### Task instructions:
Each line of the records needs to be written out exactly, with any image left out.

(Materials provided Opens)

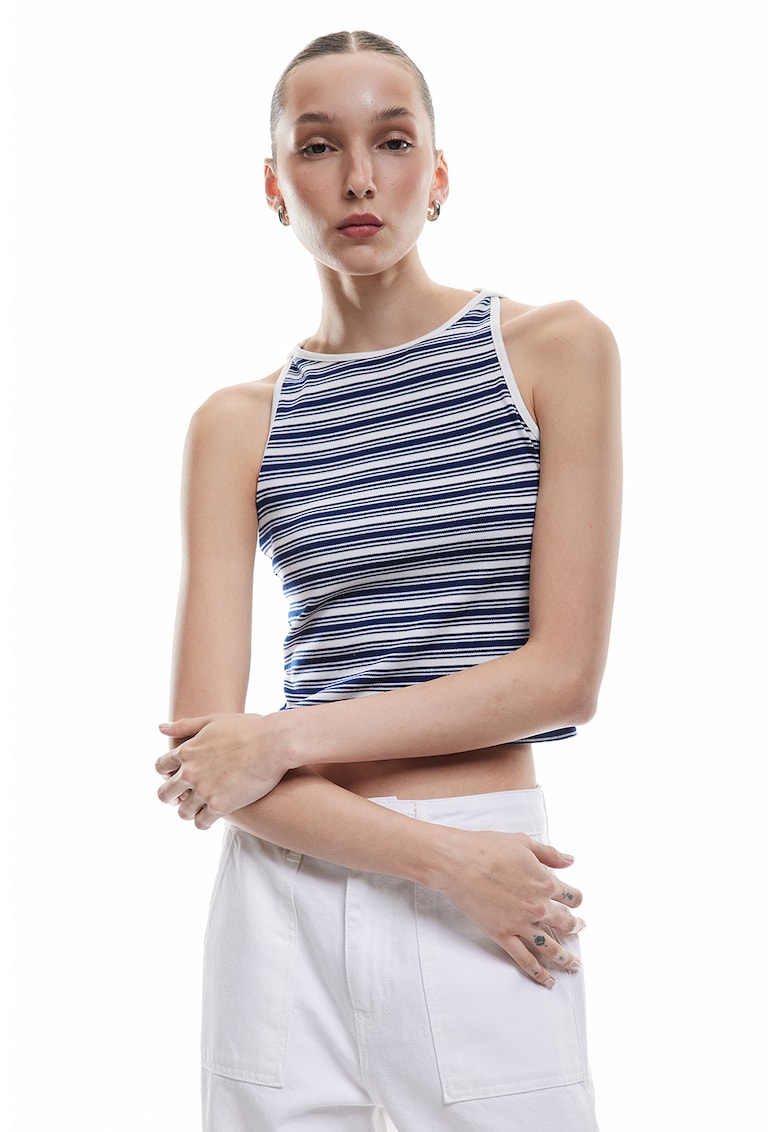 Top crop cu model in dungi - Alb/Bleumarin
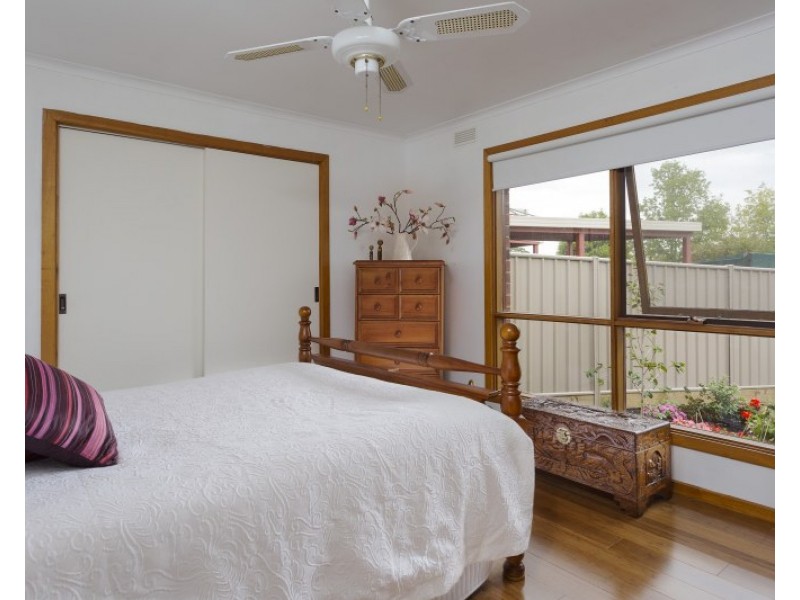 10 Park Avenue, Golden Square VIC 3555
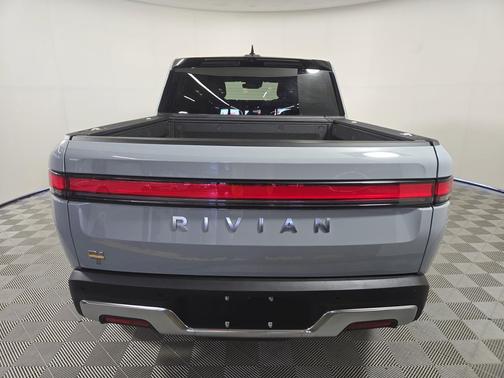 2023 Rivian R1T Adventure Quad Motor Large Pack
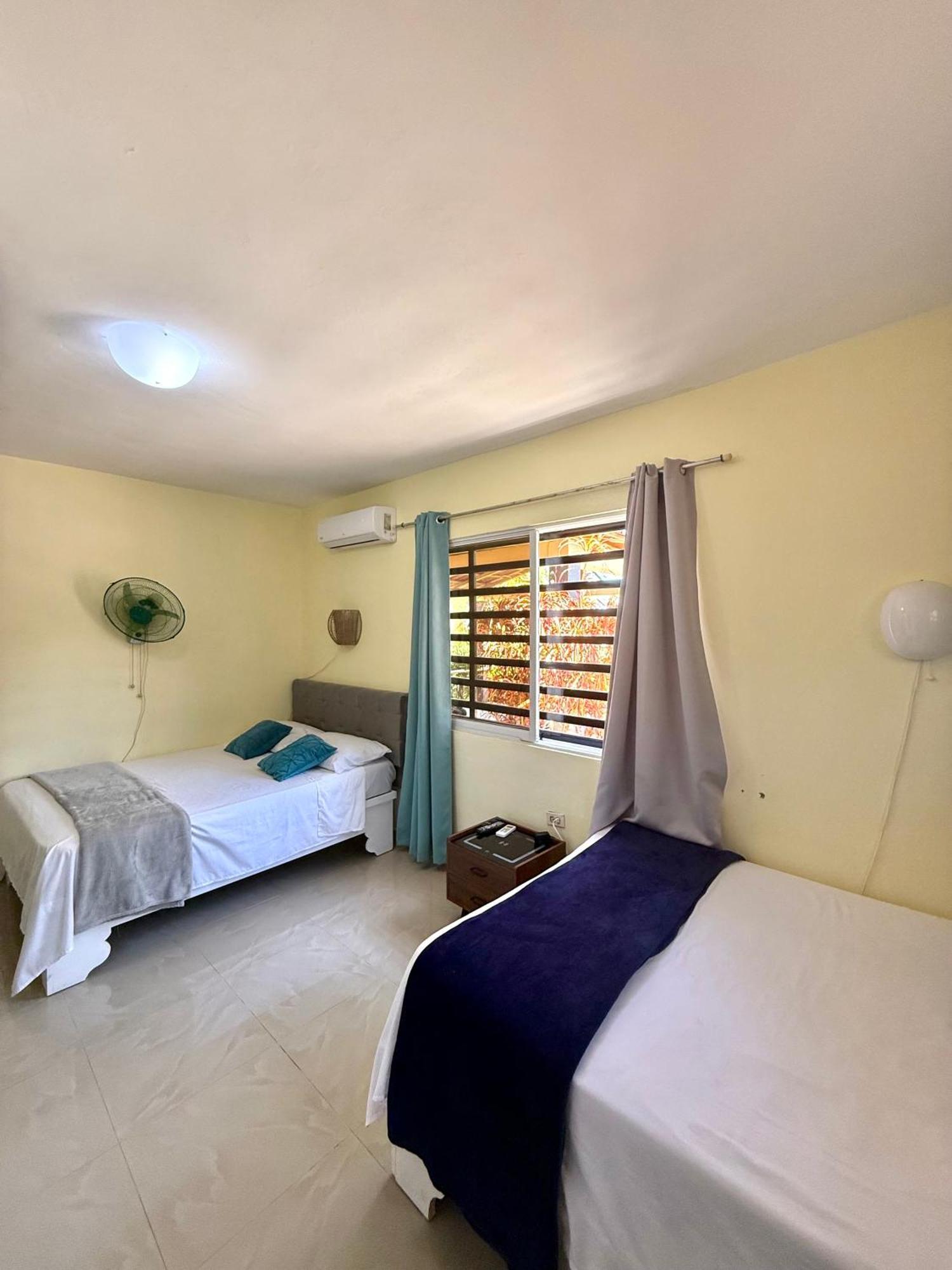 Hotel Al Mare Barahona Екстериор снимка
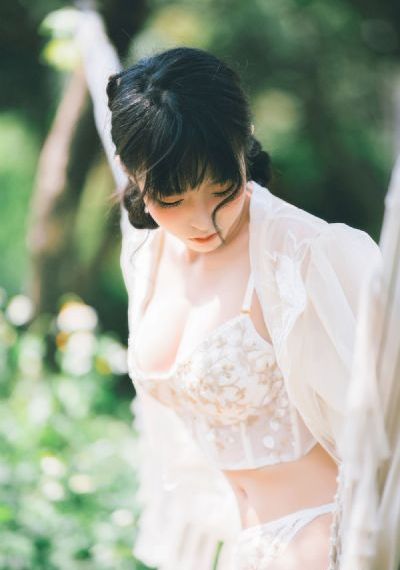 隔壁的女孩2在线_DVD在线观看高清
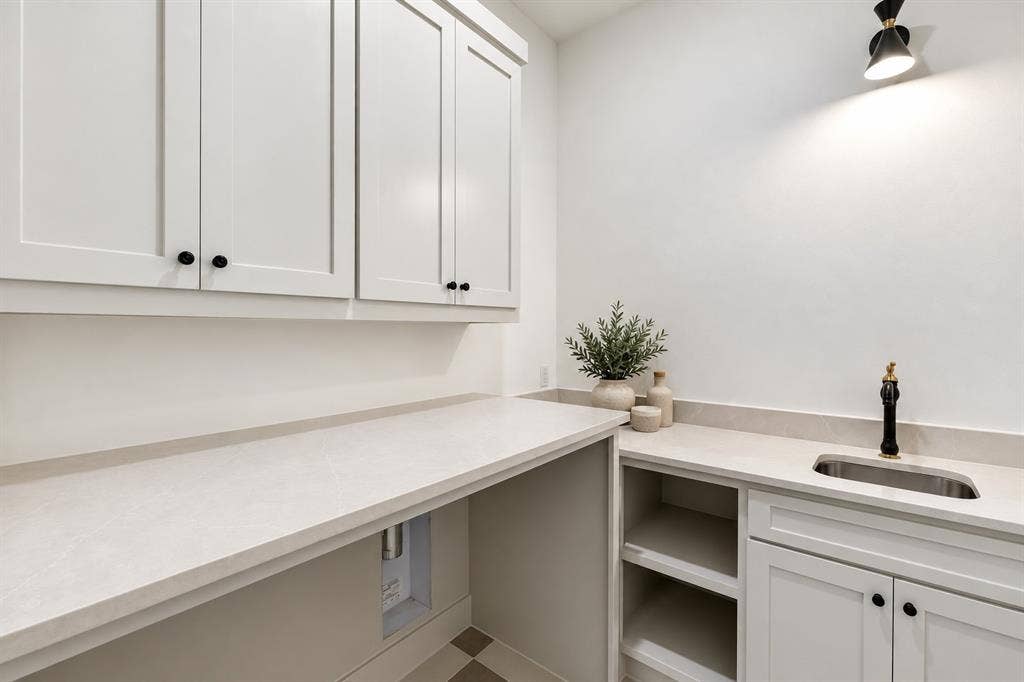 8723 Forest Hills Boulevard, Dallas, TX 75218 8723 Forest Hills Boulevard, Dallas, TX 75218
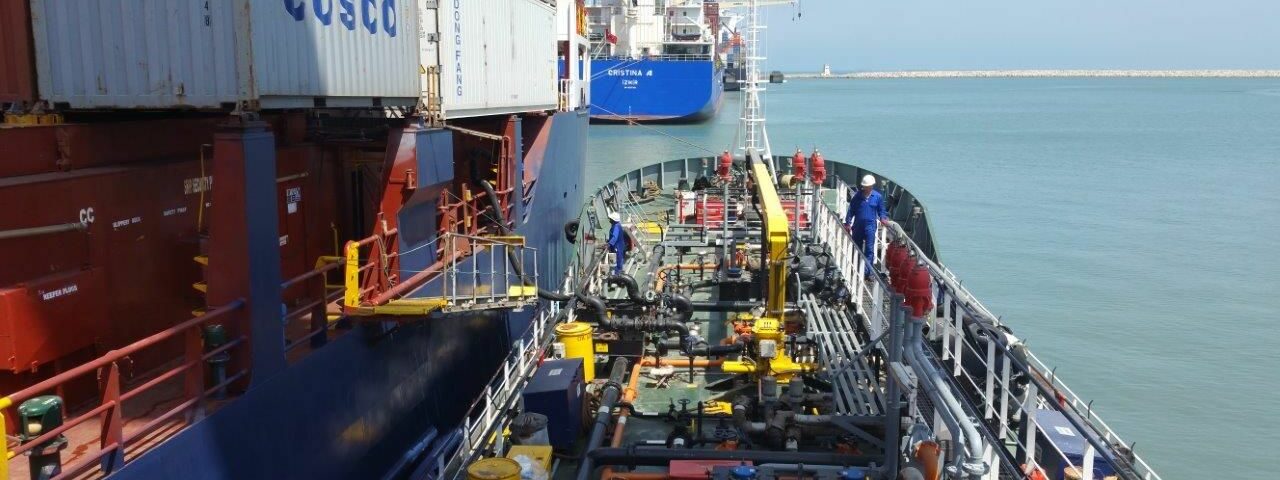 Embargo marítimo y embargo de buques en Israel por deudas de bunkering marítimo
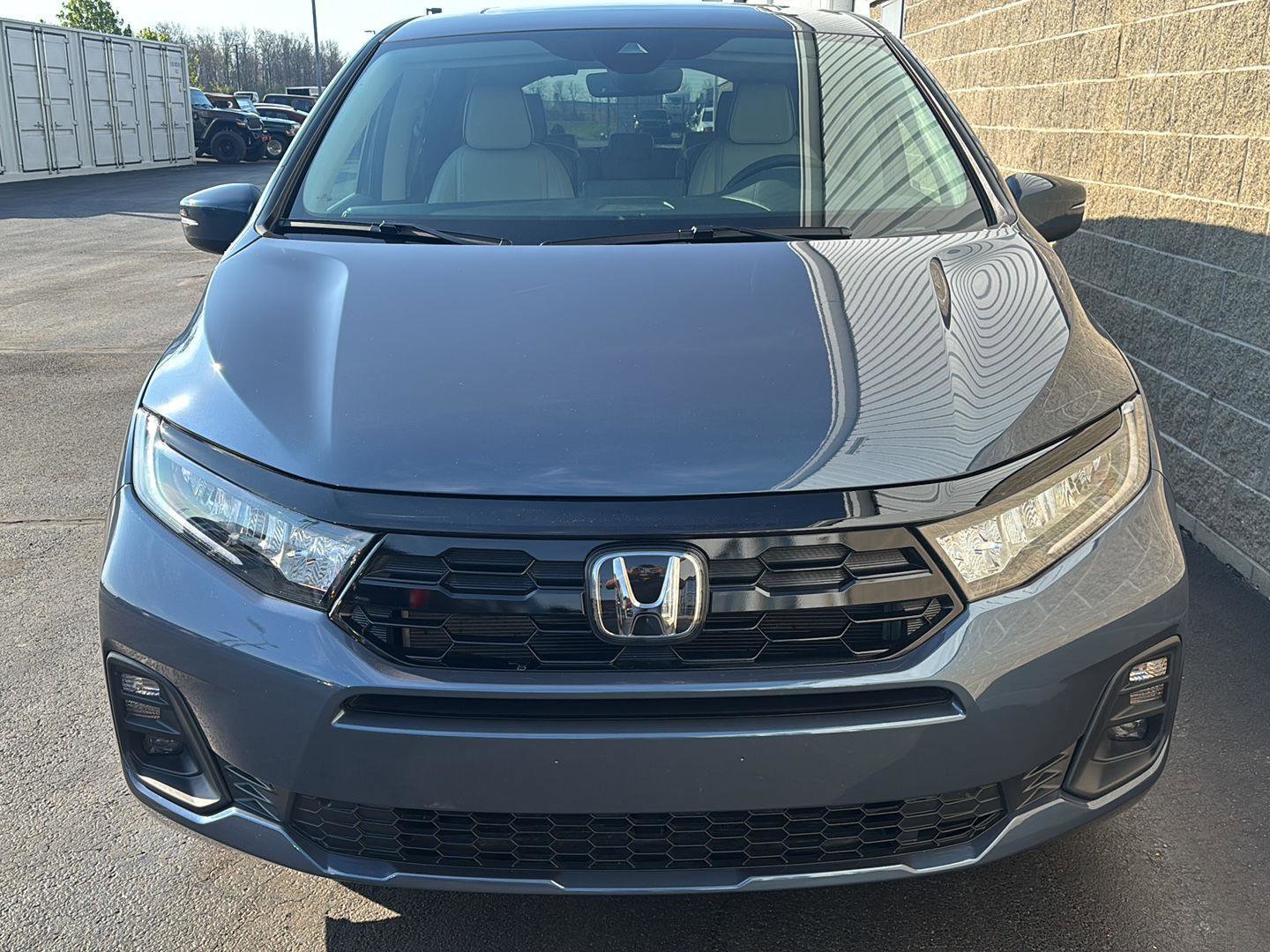 Used 2025 Honda Odyssey Touring image 40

(Materials provided Closes)

### Task result:
 Top crop cu model in dungi - Alb/Bleumarin
 10 Park Avenue, Golden Square VIC 3555
 2023 Rivian R1T Adventure Quad Motor Large Pack
 Hotel Al Mare Barahona Екстериор снимка
 隔壁的女孩2在线_DVD在线观看高清
 8723 Forest Hills Boulevard, Dallas, TX 75218 8723 Forest Hills Boulevard, Dallas, TX 75218
 Embargo marítimo y embargo de buques en Israel por deudas de bunkering marítimo
 Used 2025 Honda Odyssey Touring image 40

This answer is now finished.